Semear compaixão nos outros pode trazer alguns benefícios visíveis imediatamente. Mas, a longo prazo, revela-se como uma estratégia errada, que reflete apenas o pouco respeito que se tem por si mesmo e que alimenta a desconfiança nos outros.
Tchekhov chama a atenção daqueles enganos que aparecem quando uma pessoa tem mais dinheiro ou poder que os outros. Sobre esse ponto, afirma: “Não têm vaidade supérflua. […] Se ganham uns centavos, não se pavoneam como se valessem centenas de rublos, e não ostentam o poder frequentar lugares onde outros não são aceitos”.
Deixar que aflore um sentimento de superioridade, por razões tão passageiras e arriscadas como o dinheiro ou os privilégios sociais, é apenas uma amostra de uma evolução pobre. Esse tipo de pessoa dá mais valor ao ter do que ao ser e depende inteiramente de fatores externos para valorizar a si mesmo.
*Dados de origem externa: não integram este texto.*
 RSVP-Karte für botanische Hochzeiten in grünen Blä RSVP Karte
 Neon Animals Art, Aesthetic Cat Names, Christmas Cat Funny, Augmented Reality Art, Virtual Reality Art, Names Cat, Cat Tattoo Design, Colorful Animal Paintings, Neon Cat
Cada pessoa no mundo tem um talento próprio. Boa parte da tarefa na vida reside em descobri-lo e cultivá-lo. Tchekhov afirmava que quem é culto: “Se têm um talento, o respeitam. Sacrificam o descanso, as mulheres, o vinho, a vaidade […] Sentem-se orgulhosos do seu talento”.
O talento é um dos grandes tesouros do ser humano. Não é preciso ser um artista célebre, nem um negociante de sucesso para dizer que possui um talento. Às vezes esse dom está nas coisas pequenas, como saber apreciar os outros ou ter facilidade para compreender ou ajudar. Quando se descobre o talento próprio, é necessário conferir-lhe um valor máximo e lutar para desenvolvê-lo.
Tchekhov afirmava que quem é culto: “Desenvolve para si a intuição estética […] Pretendem tanto quanto for possível conter e enobrecer o instinto sexual. […] Querem, especialmente se são artistas, frescura, elegância, humanidade e capacidade de maternidade. […] Não bebem vodka a todo momento, dia e noite, não cheiram os armários porque não são porcos e sabem que não são”.
Essas declarações são um chamado ao controle e uma voz de rejeição diante dos excessos físicos e biológicos. Os seres humanos não são organismos, mas sim pessoas que podem e devem dar sentido ao que fazem, inclusive às ações mais básicas.